PROBLEM DETAILS:
Once you find the line with "Lägenhet Brand-new, W/ Views *" in the data below, transcribe exactly each line from there to the line with "Mercedes-Benz E-Class E250", inclusive, and nothing else. Drop the pictures.

DATA PROVIDED:
★ ★ ★ ★
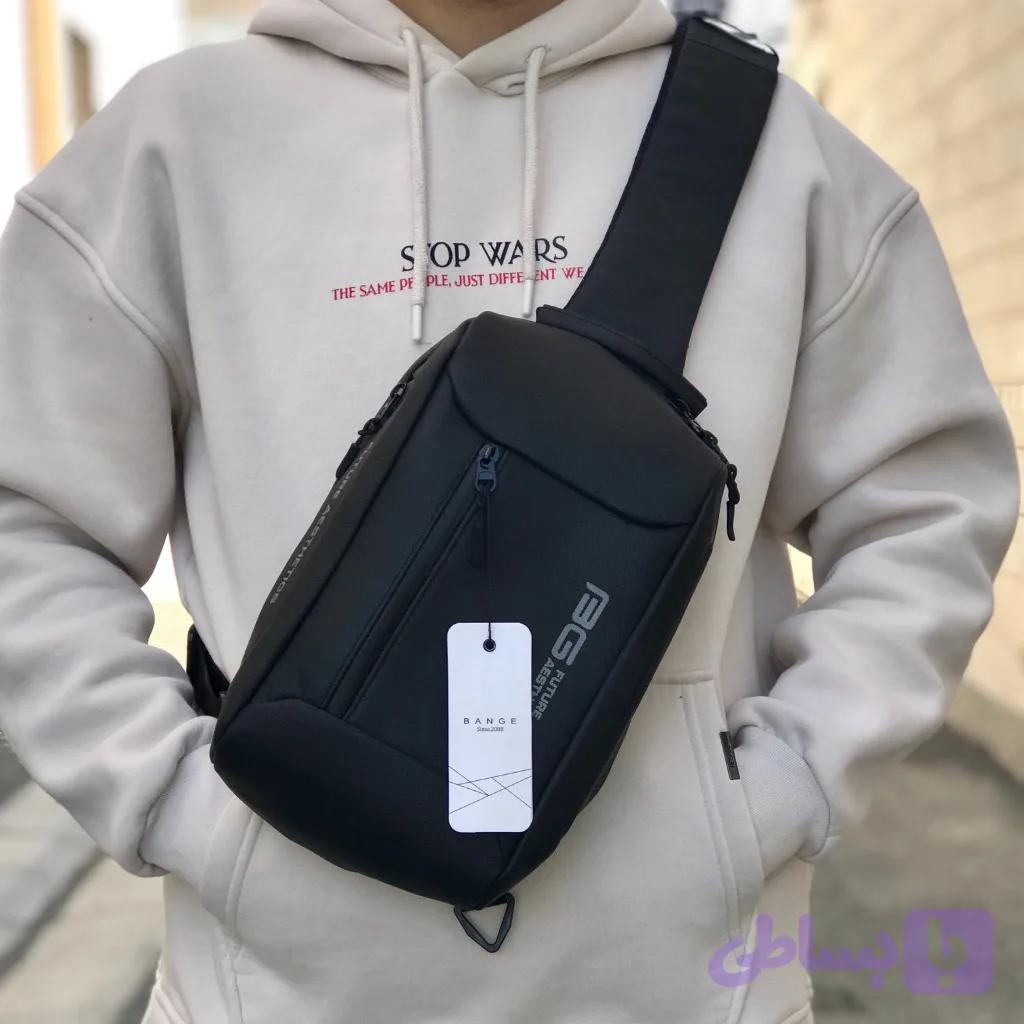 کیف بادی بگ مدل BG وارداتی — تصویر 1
★ ★ ★ ★
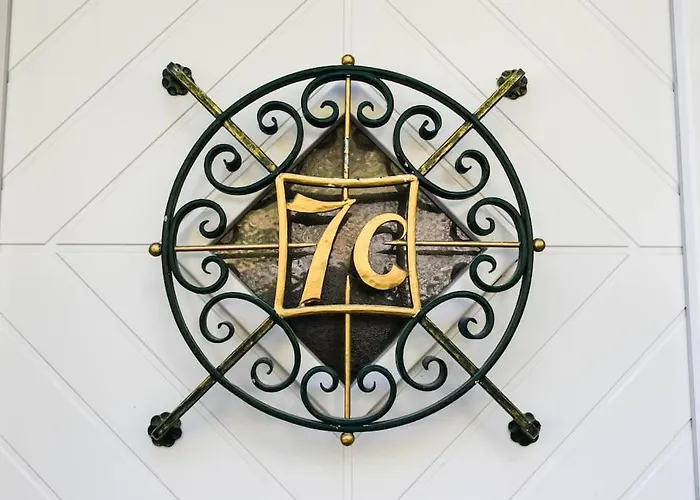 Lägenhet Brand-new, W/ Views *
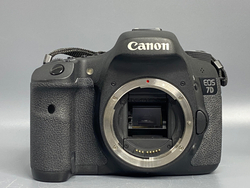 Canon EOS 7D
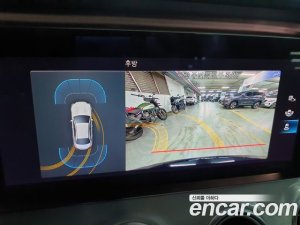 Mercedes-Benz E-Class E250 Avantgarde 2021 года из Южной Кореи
★ ★ ★ ★
ANSWER BELOW:
 Lägenhet Brand-new, W/ Views *
 Canon EOS 7D
 Mercedes-Benz E-Class E250 Avantgarde 2021 года из Южной Кореи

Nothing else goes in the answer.